Paul Revere Life Insurance Co. v. Payne, CA 942575

Decision Date15 March 2000
Docket NumberCA 942575
PartiesThe Paul Revere Life Insurance Co. v. Brooks E. Payne
CourtMassachusetts Superior Court
As-is Docket Number: CA 94-2575

Venue Worcester

File Date: March 17, 2000

Judge (with first initial, no space for Sullivan, Dorsey, and Walsh): Fecteau

Opinion Title: Memorandum of Decision on Order on Plaintiff's Motion for Summary Judgment

The Paul Revere Life Insurance Company ("Paul Revere") filed this declaratory judgment action seeking, inter alia, a declaration that it is entitled to either rescind or reform a disability insurance policy (the "Policy") issued to the defendant, Brooks E. Payne ("Payne").
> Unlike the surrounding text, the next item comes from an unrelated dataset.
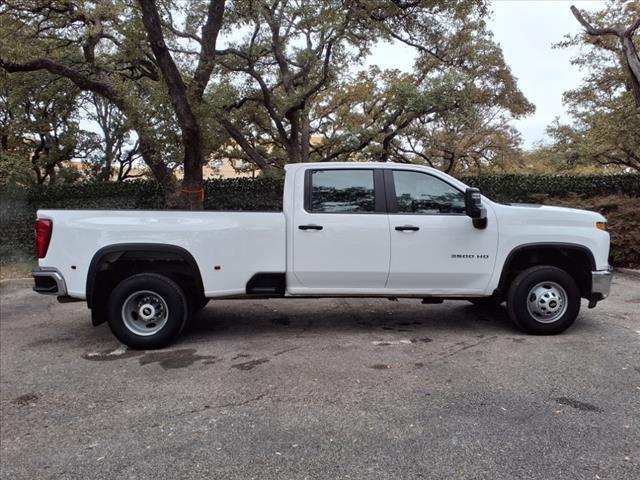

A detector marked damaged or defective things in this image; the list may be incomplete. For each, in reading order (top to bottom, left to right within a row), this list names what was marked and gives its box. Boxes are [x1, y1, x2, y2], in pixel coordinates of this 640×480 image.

cracked pavement [1, 274, 640, 480]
Paul Revere argues that Payne made material misrepresentations on his disability insurance application that increased its risk of loss as a matter of law, pursuant to G.L.c. 175, 186. Payne denies that he misrepresented his health history, and has filed a counterclaim to recover benefits under the Policy. Payne contends that Paul Revere's failure to pay him in accordance with the terms of the disability insurance policy constitutes a breach of contract and violates both G.L.c 176D and G.L.c. 93A.1

After a methodical and comprehensive review of the pleadings and supporting legal memoranda and arguments of counsel, this court, sua sponte, questioned whether it had subject matter jurisdiction to adjudicate Paul Revere's claims pursuant to 29 U.S.C. 1132(a)(1)(B), (a)(7) and Jefferson-Pilot Life Insurance Co. v. Krafka, 57 Cal.Rptr.2d 723 (Cal.App. 2 Dist. 1996) (finding state court lacked subject matter jurisdiction over insurer's complaint and directing district court to dismiss action). See Iglesias v. Mutual Life Ins. Co. of New York, 156 F.3d 237, 241 (1st Cir. 1998) (court has obligation to inquire into its subject matter jurisdiction over defendant's counterclaims although neither party raised the issue), citing Clark v. Paul Gray, Inc., 306 U.S. 583, 588 (1939); Bonfatti v. Zoning Bd. of Appeals of Holliston, 48 Mass.App.Ct. 46, 49 (1999); see also Kennedy v. Consolidated Motor Lines, 312 Mass. 84, 89 (1942) (finding where superior court has no jurisdiction, judge under duty to order action dismissed).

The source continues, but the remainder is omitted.